→ **Aim of the task**:
Look through the entries below and copy exactly the part that begins with the line containing "Spinnaker Stripe Fabric" and ends with the line containing "Galaxy von MyPuzzle.com". Do not copy the pictures.
# # # #
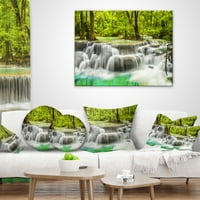 Преглед на водопади на Дизајн Ераван - Фотографија Фрли перница - 12х20
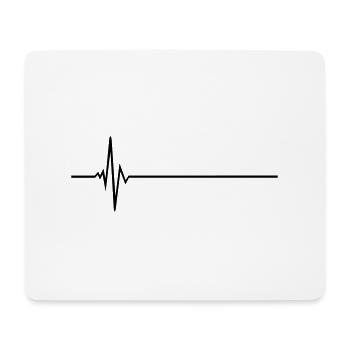 Puls - Frequenz - Mousepad (Querformat) - Weiß - Vorne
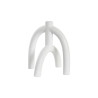 Candle Holder DKD Home Decor Scandi 21,5 x 21,5 x 23 cm White Resin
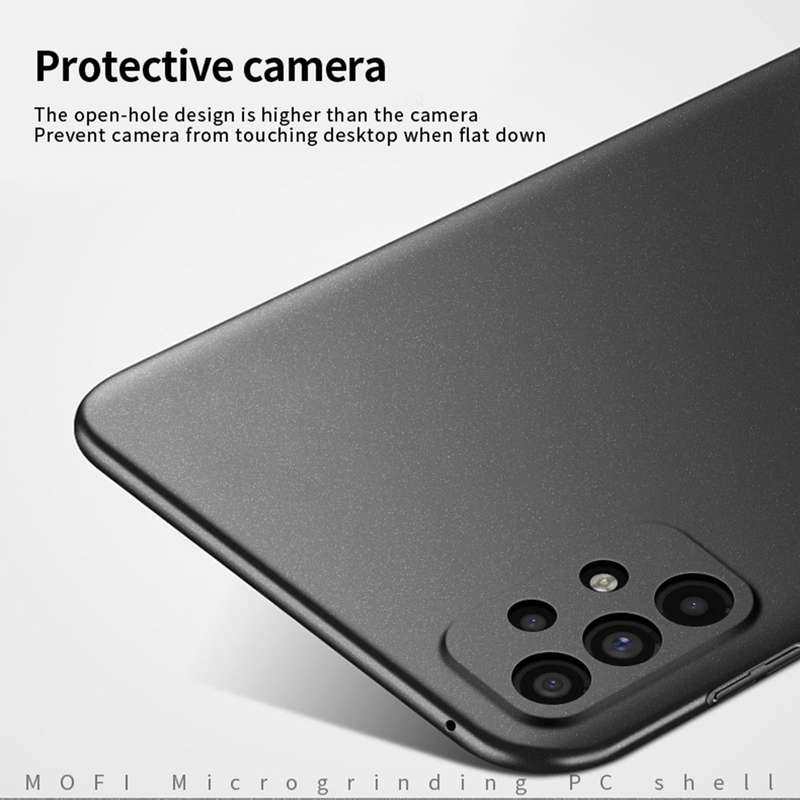 For Samsung Galaxy A73 5G MOFI Fandun Series Frosted PC Ultra-thin All-inclusive Phone Case(Blue)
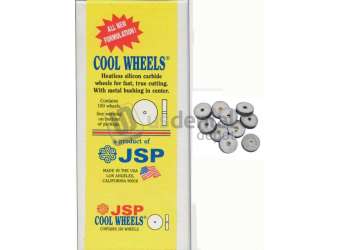 JSP Heat Free ( Heatless )  Wheels 1x3/16  ( 25mm x 4.8mm )  x  50pk # CX825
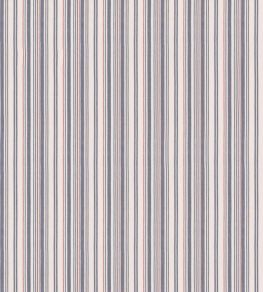 Spinnaker Stripe Fabric by Mulberry Home Indigo/Red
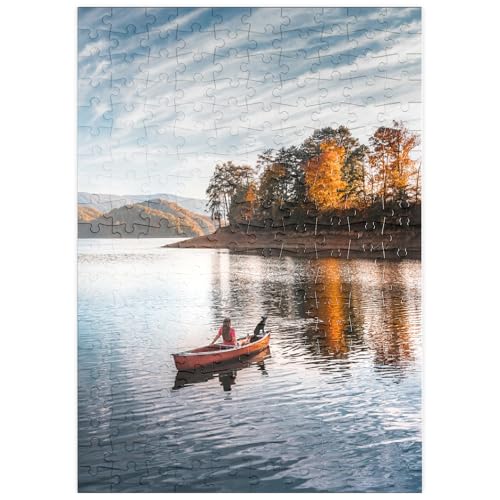 MyPuzzle Kanufahren auf einem ruhigen See im Herbst - Premium 200 Teile Puzzle - MyPuzzle Sonderkollektion von Puzzle Galaxy MyPuzzle Kanufahren auf einem ruhigen See im Herbst - Premium 200 Teile Puzzle - MyPuzzle Sonderkollektion von Puzzle Galaxy von MyPuzzle.com
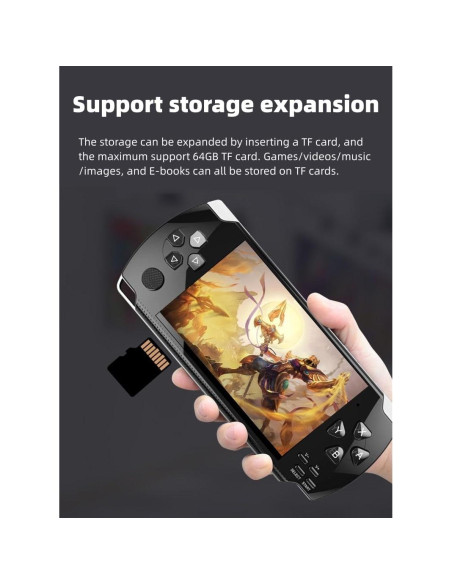 Consola de Videojuegos Retro HLF x6hd 2000 Juegos LCD Portátil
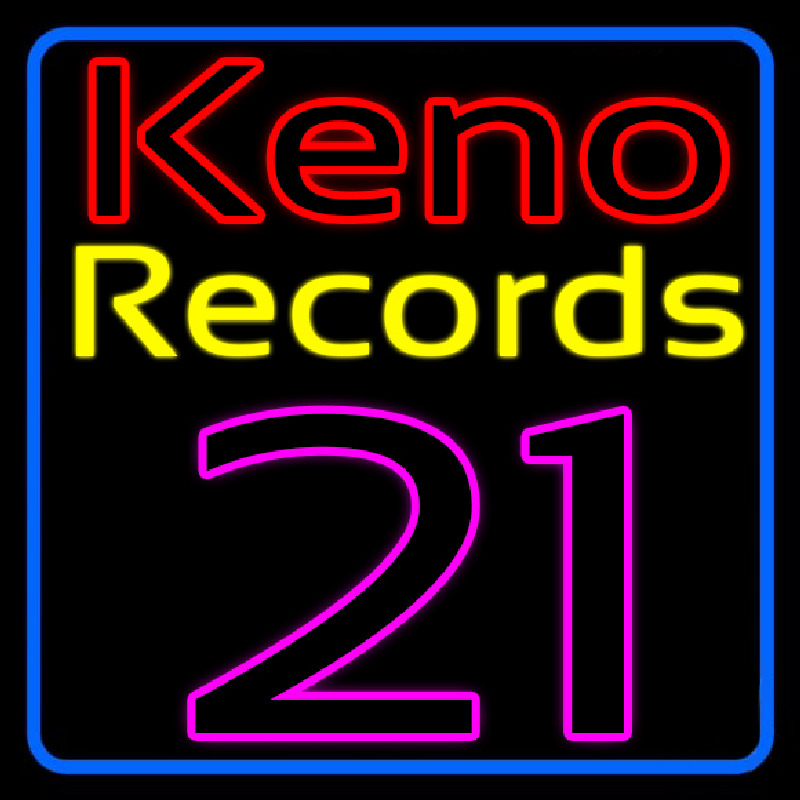 Keno Records 21 1 Enseigne Néon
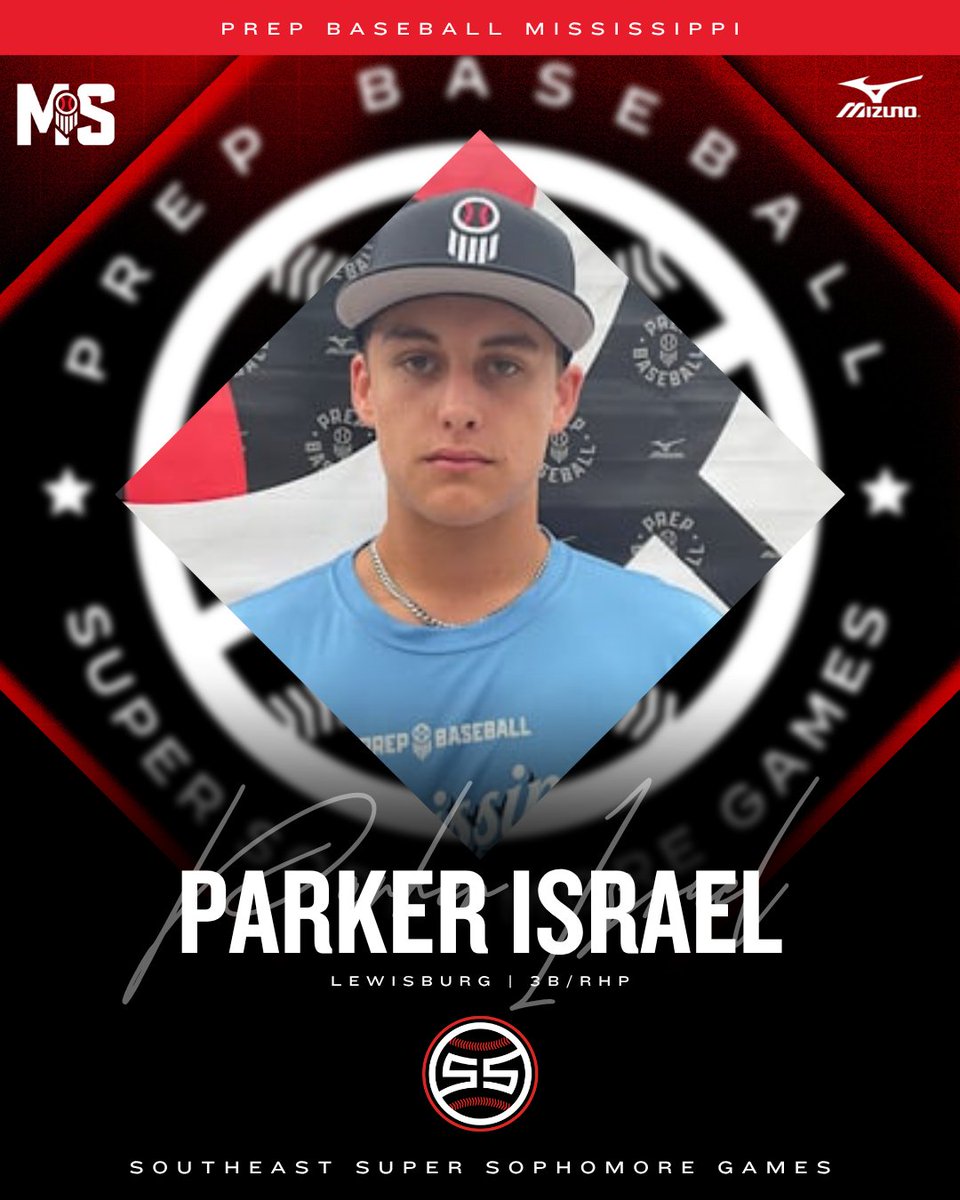 Prep Baseball Mississippi (@prepbaseballms) on Twitter photo #๐๐๐๐๐๐๐: ๐๐ง๐ฏ๐ข๐ญ๐ ๐๐๐๐๐ฉ๐ญ๐๐ โ
+ '28 3B/RHP Parker Israel (<a href="/ParkerFIsrael/">Parker Israel</a>; @TheBurgBBall) is ๐๐๐๐๐๐ ๐๐ ๐ for the inaugural 2025 Southeast Super Sophomore Games on August 2-3 at LakePoint Sports in Emerson, GA.
๐ค: loom.ly/n56wk2U #๐๐๐๐๐๐๐: ๐๐ง๐ฏ๐ข๐ญ๐ ๐๐๐๐๐ฉ๐ญ๐๐ โ
+ '28 3B/RHP Parker Israel (<a href="/ParkerFIsrael/">Parker Israel</a>; @TheBurgBBall) is ๐๐๐๐๐๐ ๐๐ ๐ for the inaugural 2025 Southeast Super Sophomore Games on August 2-3 at LakePoint Sports in Emerson, GA.
๐ค: loom.ly/n56wk2U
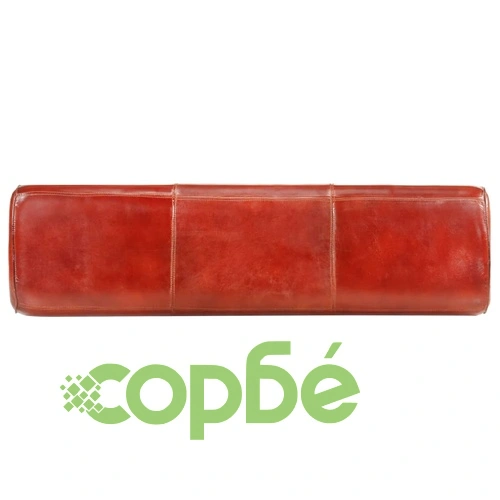 Гимнастически кон, 120 см, кафяв, естествена кожа и манго масив ➤ топ цена ➤ sorbe.bg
# # # #
→ **Exercise response**:
 Spinnaker Stripe Fabric by Mulberry Home Indigo/Red
 MyPuzzle Kanufahren auf einem ruhigen See im Herbst - Premium 200 Teile Puzzle - MyPuzzle Sonderkollektion von Puzzle Galaxy MyPuzzle Kanufahren auf einem ruhigen See im Herbst - Premium 200 Teile Puzzle - MyPuzzle Sonderkollektion von Puzzle Galaxy von MyPuzzle.com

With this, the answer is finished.